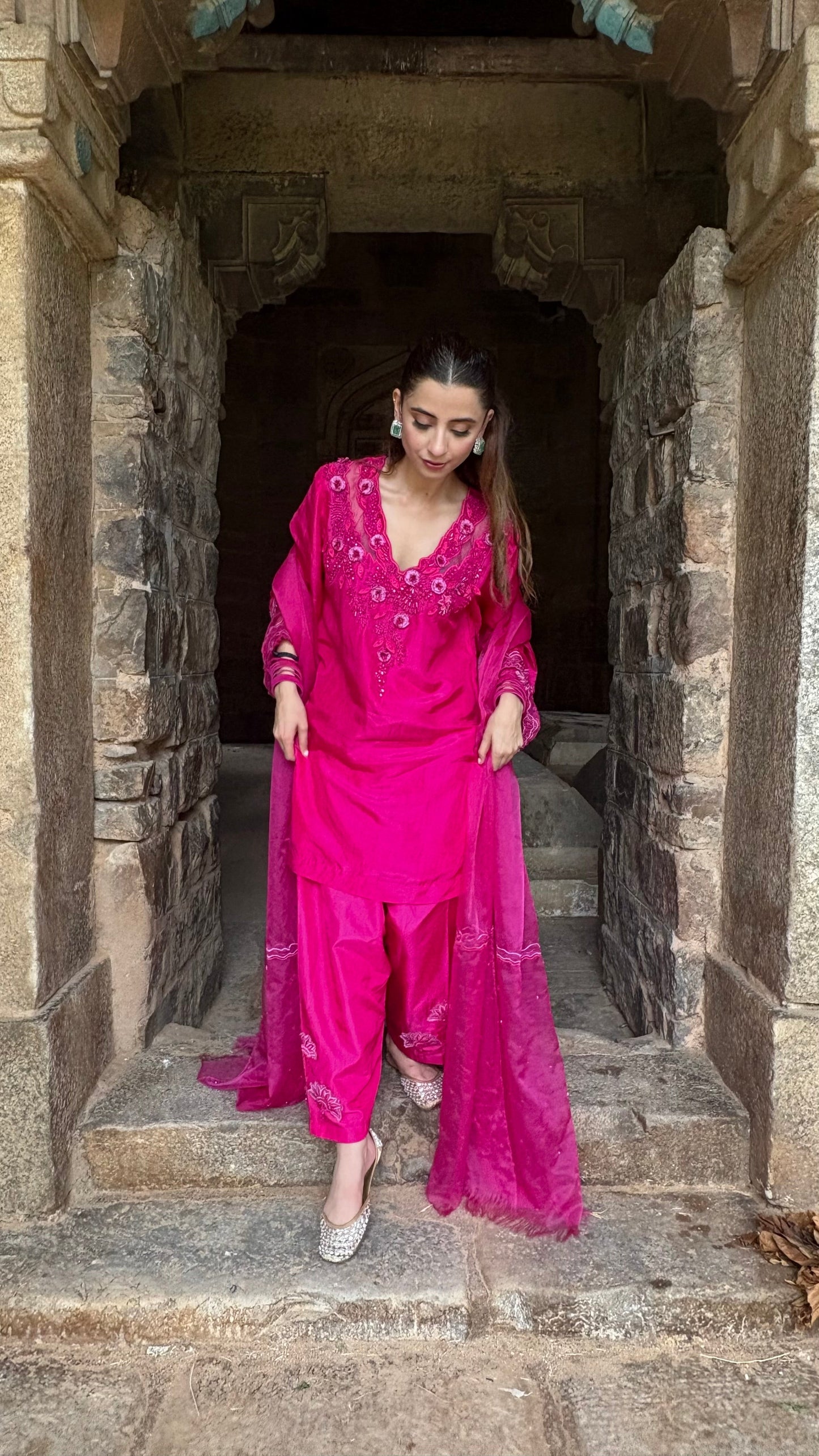 Gulaabo- Rani Pink Suit Set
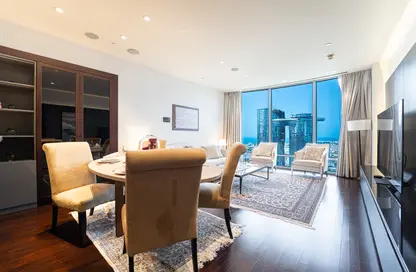 صورة لـ غرفة المعيشة / غرفة الطعام شقة - غرفة نوم - 2 حمامات للبيع في برج خليفة المنطقة 3 - برج خليفة - دبي وسط المدينة - دبي ، صورة رقم 1
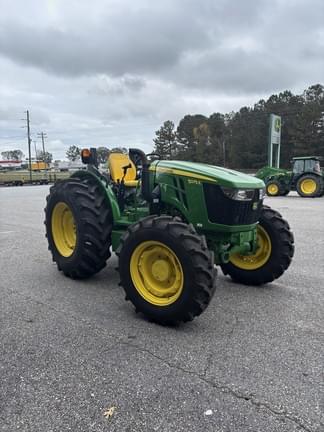 Main image John Deere 5075E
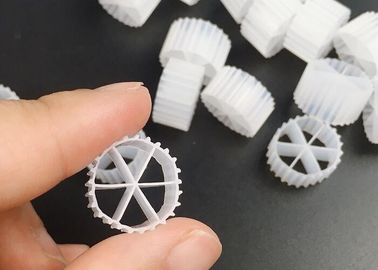 شراء ميديا المرشحات البيولوجية للبحيرة البلاستيكية 6 ثقوب مع اللون الأبيض و HDPE البكر online manufacture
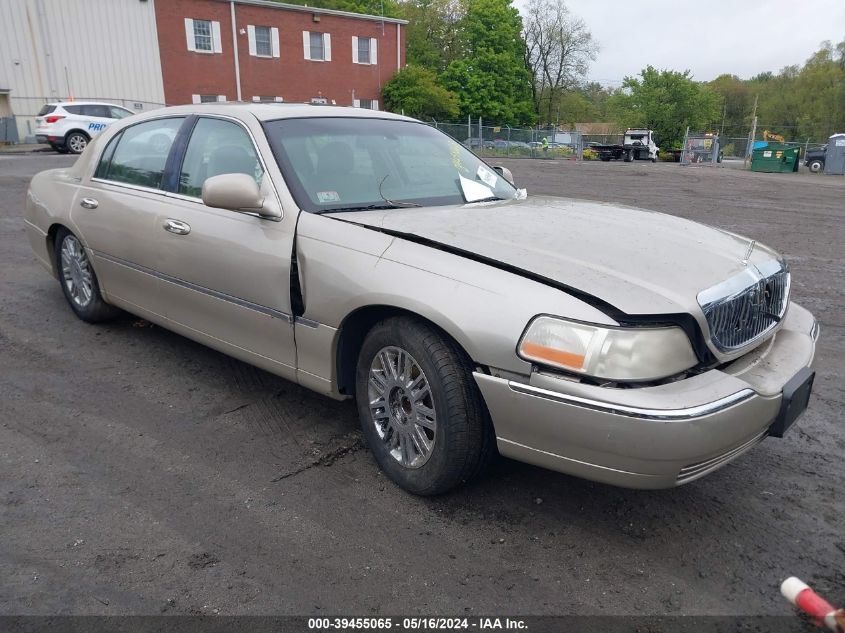 2006 Lincoln Town Car Signature Limited VIN: 1LNHM82W06Y650508 Lot: 39455065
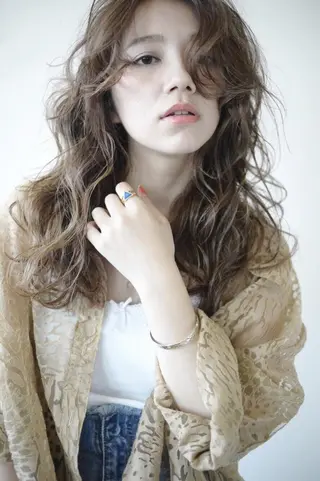 ミディアム 💈Chlom💈_ 公式_NewOpenのヘアスタイル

> _DESCRIPTION OF THE TASK_: Return word for word the line bearing "صورة لـ غرفة" and every later line of the entries, but none of the pictures.

> _EXERCISE SOLUTION_:
 صورة لـ غرفة المعيشة / غرفة الطعام شقة - غرفة نوم - 2 حمامات للبيع في برج خليفة المنطقة 3 - برج خليفة - دبي وسط المدينة - دبي ، صورة رقم 1
 Main image John Deere 5075E
 شراء ميديا المرشحات البيولوجية للبحيرة البلاستيكية 6 ثقوب مع اللون الأبيض و HDPE البكر online manufacture
 2006 Lincoln Town Car Signature Limited VIN: 1LNHM82W06Y650508 Lot: 39455065
 ミディアム 💈Chlom💈_ 公式_NewOpenのヘアスタイル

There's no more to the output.